Overall, malignant tumours were found in 32% of cases and benign tumours in 9%, other benign lesions in 26%, and no evidence of malignancy in 33%. Regarding diagnostic accuracy of frozen section in determining malignancy status, after excluding the four deferred cases in which the definite diagnosis was made on paraffin sections, we found that the overall accuracy of the test was 95% and the negative predictive value was 98%. These results are similar to that of previous studies of frozen sections in other tissues.11–13,16 Errors were one false negative diagnosis because of sampling error and two false positive diagnoses. Among these three error cases, one had major implications for the management of the patient, in whom the surgeon had to undertake another operation to remove the resectable tumour which turned out to be malignant. Although, we regarded the cause of error in the two false positive cases as an overdiagnosis error, as evidenced by the permanent sections, pathological misinterpretation has been reported as a well recognised pitfall in the distinction between bile duct adenoma and metastatic adenocarcinoma.17,18 Our results are consistent with other studies such as that of Prey et al, who undertook an extensive review of frozen sections of 4057 tissue blocks from various organs and found an accuracy of 91.5%. Almost all of the misdiagnoses were because of sampling errors and misinterpretation.19

Take home message

  • Frozen section is an accurate and reliable method for intraoperative diagnosis of suspected liver lesions

As there were some pitfalls making the diagnosis less than perfect, we explored the influence of the various factors involved. We found that the major pitfall in frozen sections occurred in the distinction between Von Meyenberg complex or bile duct hamartoma and well differentiated adenocarcinoma, which is a well recognised problem in the diagnosis of focal hepatic lesions,20 and in cases of metastatic carcinoma that show abundant desmoplastic stromal response with a paucity of malignant cells. We noted that certain types of metastatic carcinomas in the liver are difficult to diagnose, especially in frozen section, such as metastatic signet ring carcinoma of the stomach and lobular carcinoma of the breast. Thus previous knowledge of the primary tumour of the patient, if any, has a substantial impact on the interpretation of frozen sections of liver masses. We also found that bile duct epithelium may be lost during processing of frozen sections, and in some cases of bile duct hamartoma, for example, the bile ducts may appear as cystic spaces or holes without discernable lining or content in the frozen section.

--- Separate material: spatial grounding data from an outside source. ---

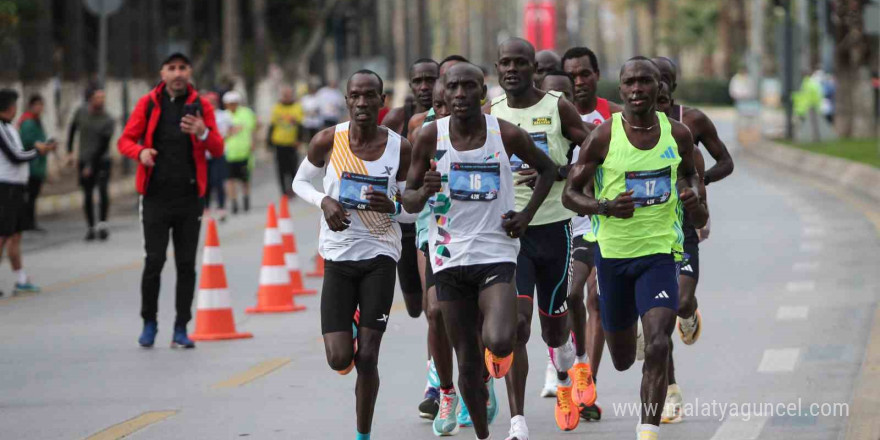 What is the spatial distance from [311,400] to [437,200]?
2421 mm

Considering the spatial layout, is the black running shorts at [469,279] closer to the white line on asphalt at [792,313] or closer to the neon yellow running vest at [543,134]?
the neon yellow running vest at [543,134]

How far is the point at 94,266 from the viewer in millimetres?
18094

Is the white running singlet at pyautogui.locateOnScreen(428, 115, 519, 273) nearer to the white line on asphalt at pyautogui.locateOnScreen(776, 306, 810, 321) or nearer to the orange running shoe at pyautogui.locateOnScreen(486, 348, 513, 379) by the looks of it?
the orange running shoe at pyautogui.locateOnScreen(486, 348, 513, 379)

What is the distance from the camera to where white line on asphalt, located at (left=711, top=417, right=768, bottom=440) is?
816cm

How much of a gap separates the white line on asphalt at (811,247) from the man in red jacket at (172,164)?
26.5ft

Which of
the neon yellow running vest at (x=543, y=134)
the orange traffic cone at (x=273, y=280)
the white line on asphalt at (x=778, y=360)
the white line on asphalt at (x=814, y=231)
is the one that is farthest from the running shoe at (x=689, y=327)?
the white line on asphalt at (x=814, y=231)

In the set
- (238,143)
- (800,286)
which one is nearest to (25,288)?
(800,286)

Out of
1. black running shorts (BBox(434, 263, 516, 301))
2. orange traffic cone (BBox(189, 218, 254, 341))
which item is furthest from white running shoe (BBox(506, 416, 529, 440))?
orange traffic cone (BBox(189, 218, 254, 341))

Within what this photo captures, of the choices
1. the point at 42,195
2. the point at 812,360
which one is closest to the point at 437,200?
the point at 812,360

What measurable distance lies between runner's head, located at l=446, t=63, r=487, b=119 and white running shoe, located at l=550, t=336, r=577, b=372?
1.65 m

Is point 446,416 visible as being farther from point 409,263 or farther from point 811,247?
point 811,247

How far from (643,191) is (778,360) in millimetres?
3464

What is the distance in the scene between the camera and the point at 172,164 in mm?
11570

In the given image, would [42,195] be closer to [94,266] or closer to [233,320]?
[94,266] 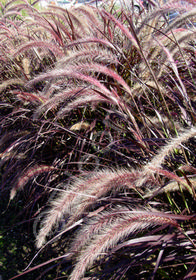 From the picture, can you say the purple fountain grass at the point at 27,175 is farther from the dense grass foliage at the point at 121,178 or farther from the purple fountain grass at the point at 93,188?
the purple fountain grass at the point at 93,188

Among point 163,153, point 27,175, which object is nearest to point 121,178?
point 163,153

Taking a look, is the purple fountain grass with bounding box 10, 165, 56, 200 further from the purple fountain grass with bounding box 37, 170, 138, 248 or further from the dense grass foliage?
the purple fountain grass with bounding box 37, 170, 138, 248

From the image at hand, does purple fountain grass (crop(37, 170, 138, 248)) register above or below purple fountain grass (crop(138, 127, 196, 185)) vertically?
below

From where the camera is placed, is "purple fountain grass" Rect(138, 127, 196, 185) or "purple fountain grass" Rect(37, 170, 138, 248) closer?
"purple fountain grass" Rect(138, 127, 196, 185)

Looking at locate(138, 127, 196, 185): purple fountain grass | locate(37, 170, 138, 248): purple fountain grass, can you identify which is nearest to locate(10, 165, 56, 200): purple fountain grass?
locate(37, 170, 138, 248): purple fountain grass

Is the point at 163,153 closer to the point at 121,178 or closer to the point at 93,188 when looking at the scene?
the point at 121,178

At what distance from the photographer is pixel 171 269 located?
5.52 ft

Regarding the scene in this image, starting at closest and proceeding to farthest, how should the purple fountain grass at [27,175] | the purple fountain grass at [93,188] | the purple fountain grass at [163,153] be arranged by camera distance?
the purple fountain grass at [163,153] → the purple fountain grass at [93,188] → the purple fountain grass at [27,175]

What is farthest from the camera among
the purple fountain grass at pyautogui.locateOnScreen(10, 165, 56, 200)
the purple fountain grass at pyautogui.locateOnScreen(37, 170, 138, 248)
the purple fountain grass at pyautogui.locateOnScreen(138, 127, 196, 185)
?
the purple fountain grass at pyautogui.locateOnScreen(10, 165, 56, 200)

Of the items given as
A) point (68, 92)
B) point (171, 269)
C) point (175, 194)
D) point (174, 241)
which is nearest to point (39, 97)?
point (68, 92)

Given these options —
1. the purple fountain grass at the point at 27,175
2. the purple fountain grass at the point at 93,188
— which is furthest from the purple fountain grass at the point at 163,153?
the purple fountain grass at the point at 27,175

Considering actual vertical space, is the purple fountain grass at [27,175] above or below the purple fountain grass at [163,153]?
below

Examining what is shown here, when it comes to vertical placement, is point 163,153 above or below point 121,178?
above

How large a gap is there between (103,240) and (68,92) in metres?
0.84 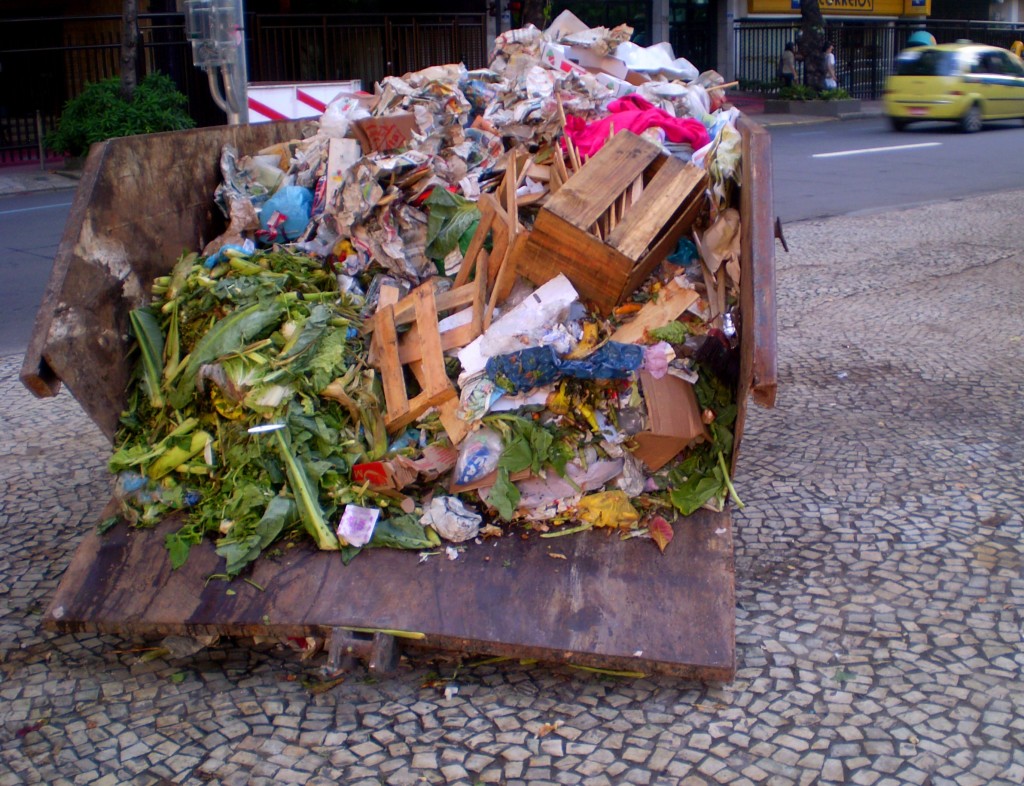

With regard to the quality of the frozen sections, although we found approximately 8% to be of poor quality, this did not interfere significantly with the diagnosis, and in most cases a correct diagnosis was made regardless of the quality of the section. The number of biopsies was also explored as an influencing factor. Although we did not find an association between number of biopsies and a benign or malignant diagnosis, we noticed that the yield of malignant diagnoses increased with increasing numbers of biopsies. For example, in some cases, malignancy was diagnosed on the third biopsy and one case it was diagnosed using nine blocks. In agreement with this observation, Tangjitgamol et al did not find an association between the numbers of frozen sections of ovarian masses and malignant diagnosis.11 Other studies found that underdiagnoses were caused by sampling error and recommended that a greater number of frozen sections should be taken.21,22

In conclusion, frozen section appears to be an accurate and reliable test for intraoperative diagnosis of focal liver lesions in general. However, some problems persist and histopathologists should remain vigilant.